Introducing myself and my “arriving” to the DRS
I am a graphic designer, with almost forty years of professional practice and undergraduate design teaching, as well as a researcher for twenty years, starting within the PhD Programme at the University of Barcelona.
This research path drove me to the DRS in the first decade of this century, when I realised that the DRS is the oldest multidisciplinary academic society of design research (since 1966), promoting design theories, methods and practices and, understanding research and its relationship to education and practice.
In these six decades, the DRS has embraced the theoretical concerns of the discipline, providing a space for the dissemination of research work, methodological proposals and reflections, case studies, etc. That’s why the research results from DRS Conference proceedings are the subject of my own studies, as the conferences bring together the theoretical effort of design.
My connections with the DRS Digital Library
In a way, what I am about to relate could be considered a prequel to the DRS Digital Library.
In 2015 I applied for a DRS research grant offered as part of the commemoration of the 50th anniversary of the DRS. Three researchers received the grant that year, with the commitment to present our research results at the special anniversary session in DRS2016 Brighton Conference:
Søren Rosenbak, from Umeå Institute of Design, Sweden, presented his work “Fifty Years of Failures”, reflecting on design as a process of learning from failure.
Darren Umney, from The Open University, UK, presented his study of the networks of design research in a reconstructed review of themes and actors in the DRS papers.
My presentation was "DRS Conferences: a barometer and a mirror of theoretical reflection of design discipline - a review and a discussion", examining the theoretical development of design research, through the papers published over 50 years.
That was completely in line with Darren’s work, giving us the opportunity to dialogue and collaborate with each other, so I shared with him all the material I had been digitising from the early pre-DRS conferences (1962, 1965, 1967), the printed proceedings of the DRS (1971, 1976, 1980) and partial (or pre-print) material collected from various sources (1973, 1978 and 1984).
That was the beginning of the Digital Library, driven by Darren Umney, backed at that time by Peter Lloyd, and continued by DRS in a systematic way, committed to open knowledge.
My selected readings
I recommend the reading, and “re-reading”, of those early DRS proceedings, where key methodological concepts emerged, reflecting the concerns of society at that time, anticipating problems or phenomena that we still experience today, as a society and as designers.
Examples of that are concepts such as "participatory design" (DRS 1971), dealing with user participation in decision-making, also addressing disability, and therefore, inclusion.

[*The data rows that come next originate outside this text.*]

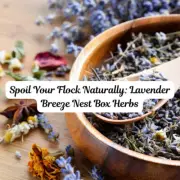 Lavender Breeze Nesting Box & Coop Herbs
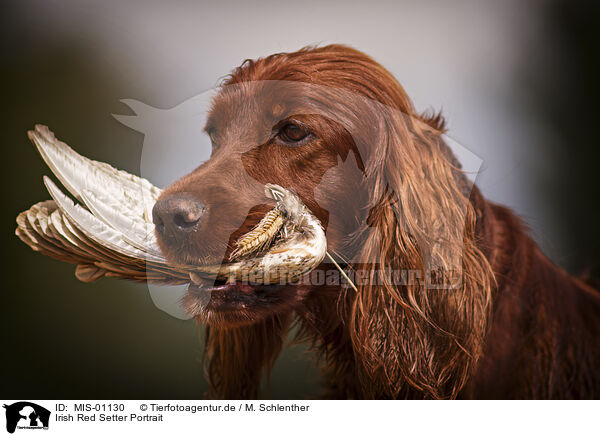 Irish Red Setter Portrait / MIS-01130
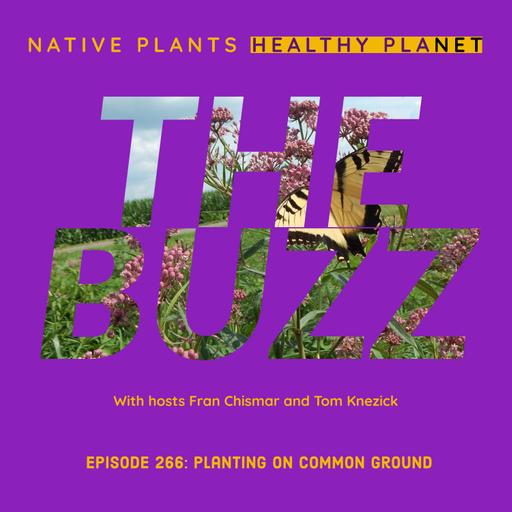 The Buzz - Planting on Common Ground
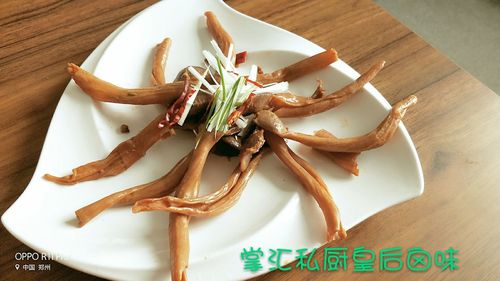 河南掌汇餐饮管理 以专业之力，掌餐饮之舵，汇合作之智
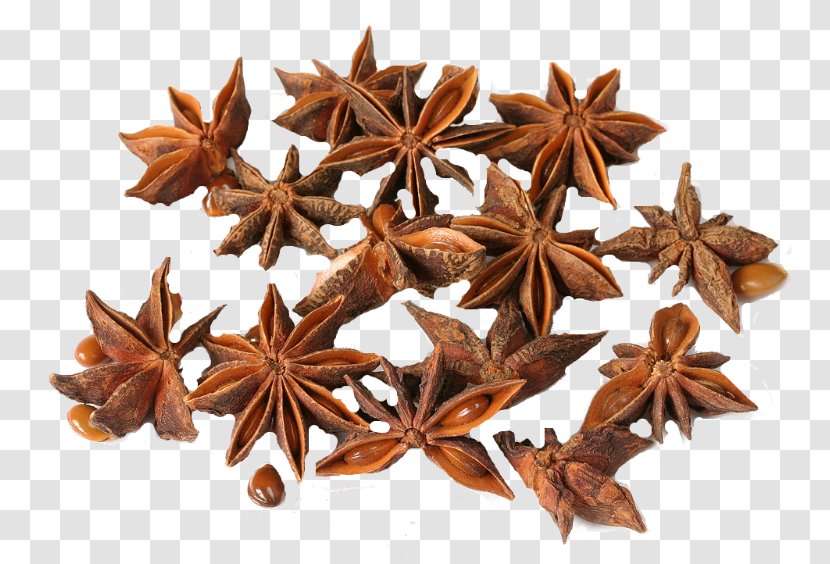 Star Anise Spice Tarragon Oil - Greas Transparent PNG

The 1973 DRS conference, “Design Activity”, gathered research papers from fifteen countries, addressing topics within design activity, such as the nature of design decision-making, the process and the objectives of design, "the who, the why, the how", in Tom Maver's words.
The DRS 1976 conference, "Changing Design”, addressed the changing role of design in society, taking into account the changes that society was experiencing at the time. Thus, this notion of change opened up new thinking on issues such as design education, technology assessment, and the human context of designing.

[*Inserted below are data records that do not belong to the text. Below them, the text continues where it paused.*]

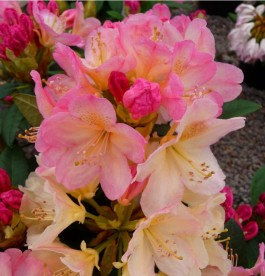 Rhododendron Percy Wisemann - Örökzöld havasszépe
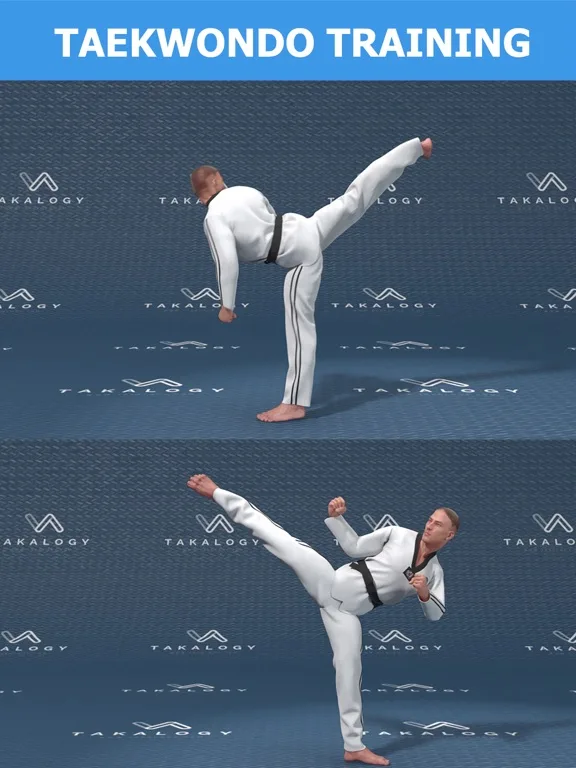 Mastering Taekwondo Training screenshot 2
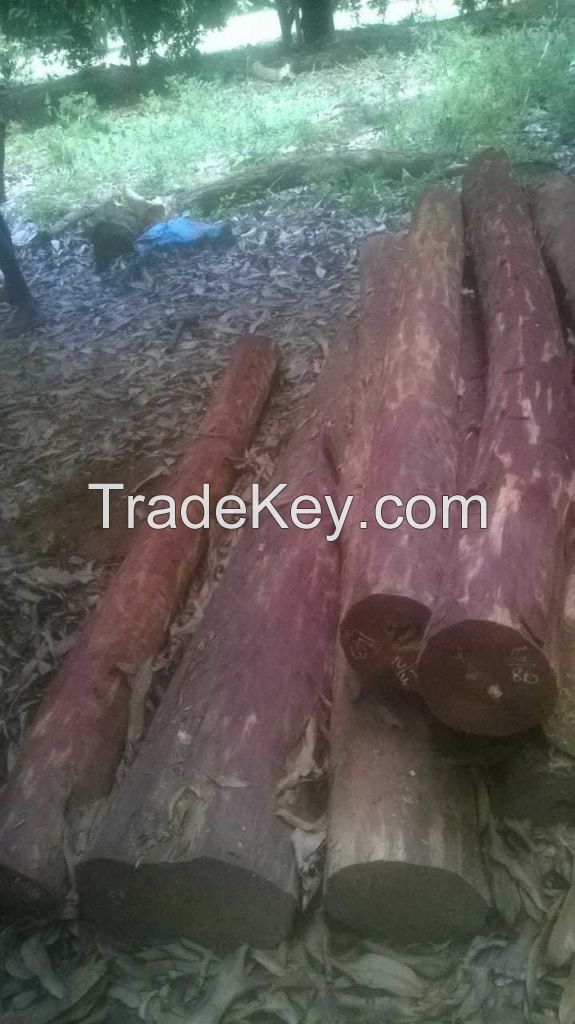 Red sandalwood logs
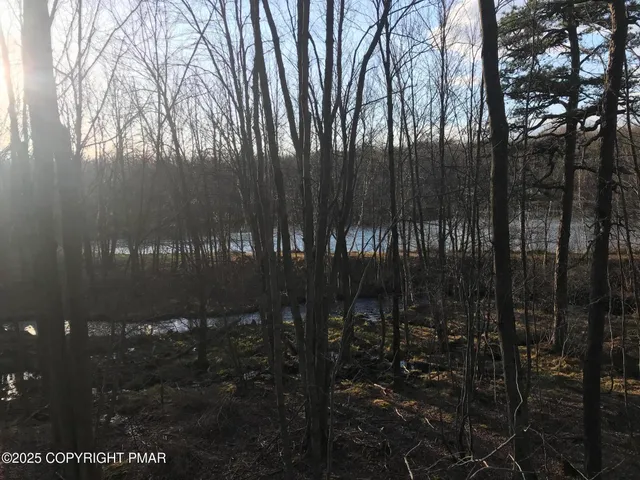 a view of lot of trees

DRS1980 "Design: Science: Method" proposed a deeper epistemological reflection, perhaps as a kind of reaction, or rejection, of previous methodological approaches, where this new emphasis lies on design research and “designerly inquiry”, in Archer’s words.
It is also essential to mention the 1978 Conference –led by Professor Nigan Bayazit (RIP) and Mine Inceoglu– which for the first time was held outside of Europe (in Istanbul), opening a space for another kind of reflection.
Although in the Digital Library, only the index of topics and titles of research articles of DRS 1978 is available, it is inspiring to see the topics addressed, such as “Human consequences of design”, “Psychological determinants in the design process”, or the very recent concept at that time, “Design Thinking and methods”.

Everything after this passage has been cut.